» Data provided:
Start of Block
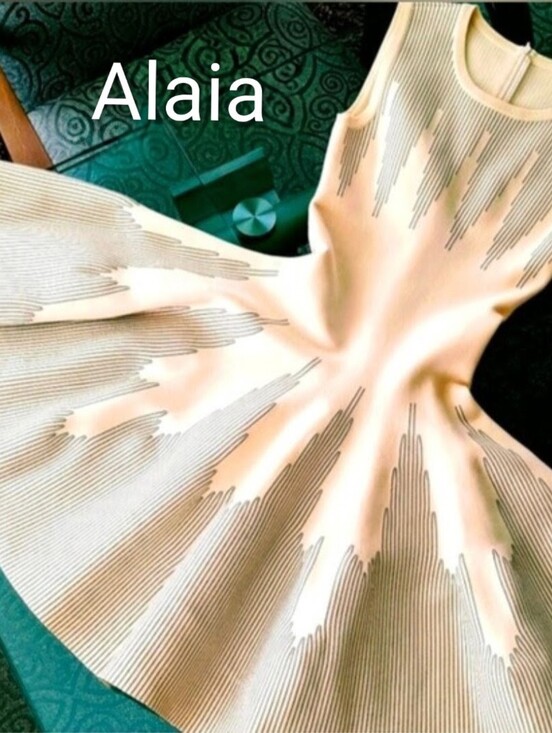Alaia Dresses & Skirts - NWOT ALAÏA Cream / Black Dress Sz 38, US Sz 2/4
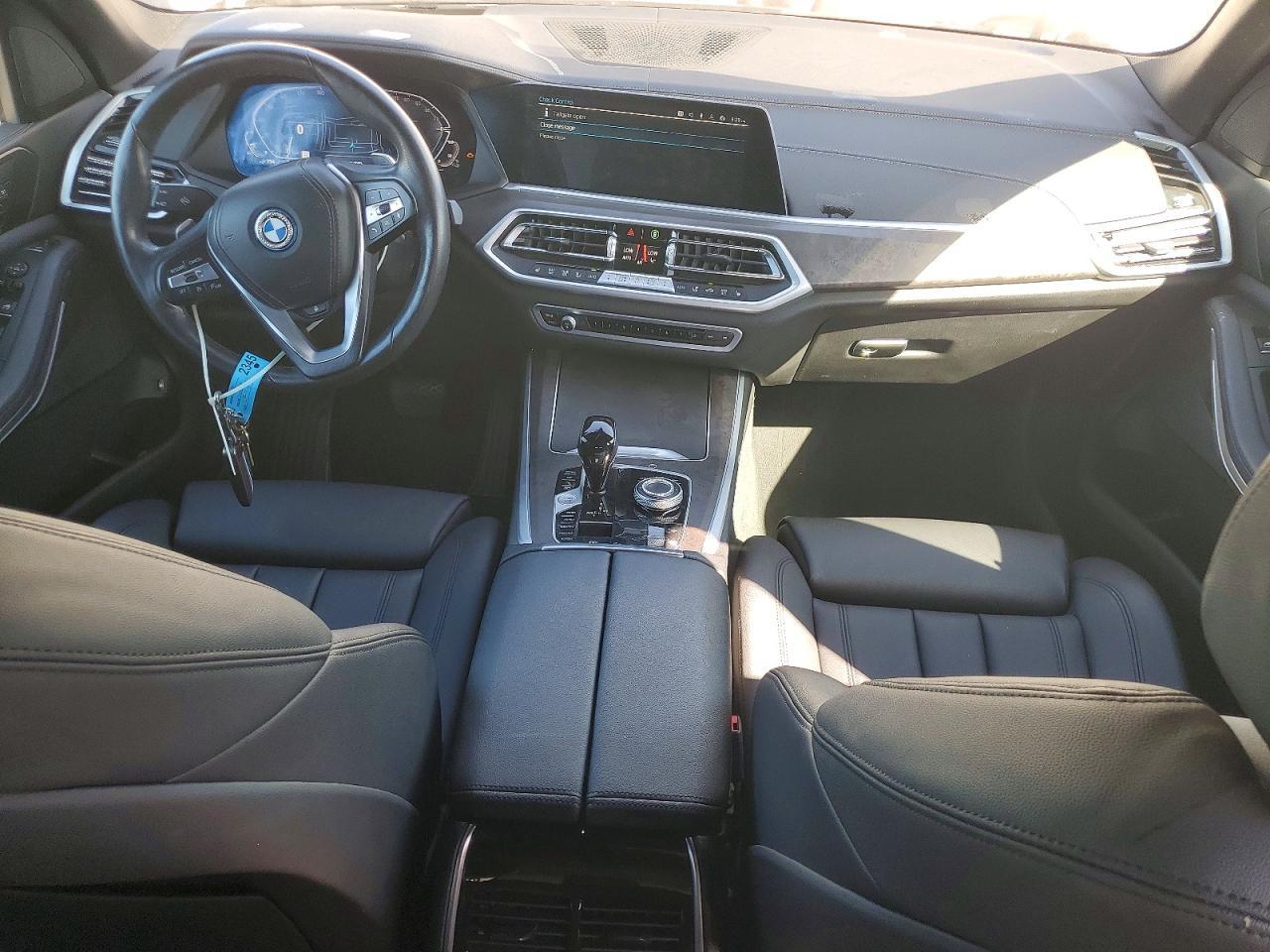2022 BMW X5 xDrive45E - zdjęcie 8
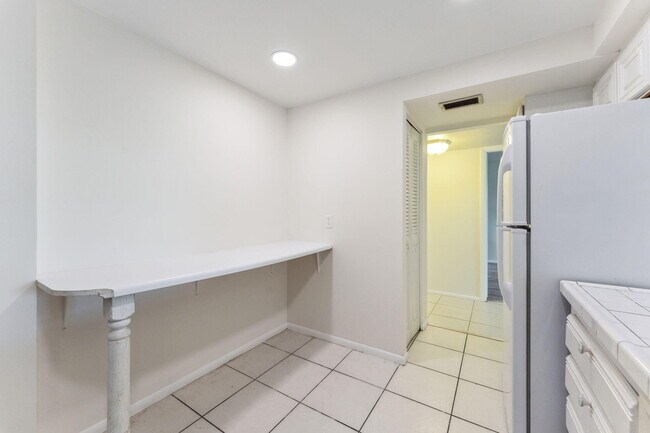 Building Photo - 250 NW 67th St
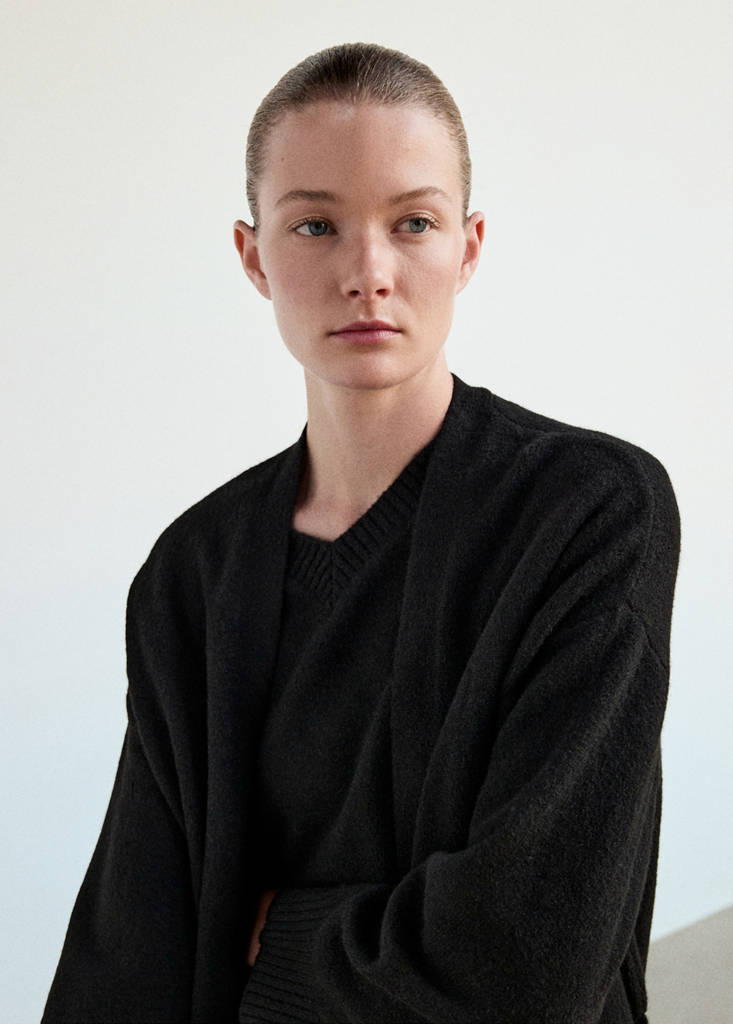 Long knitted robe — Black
End of Block
What you return should be only the lines from the line with "Building Photo - 250 NW 67th St" through the last line of the listing above, exactly, both ends included, pictures excluded.

 Building Photo - 250 NW 67th St
 Long knitted robe — Black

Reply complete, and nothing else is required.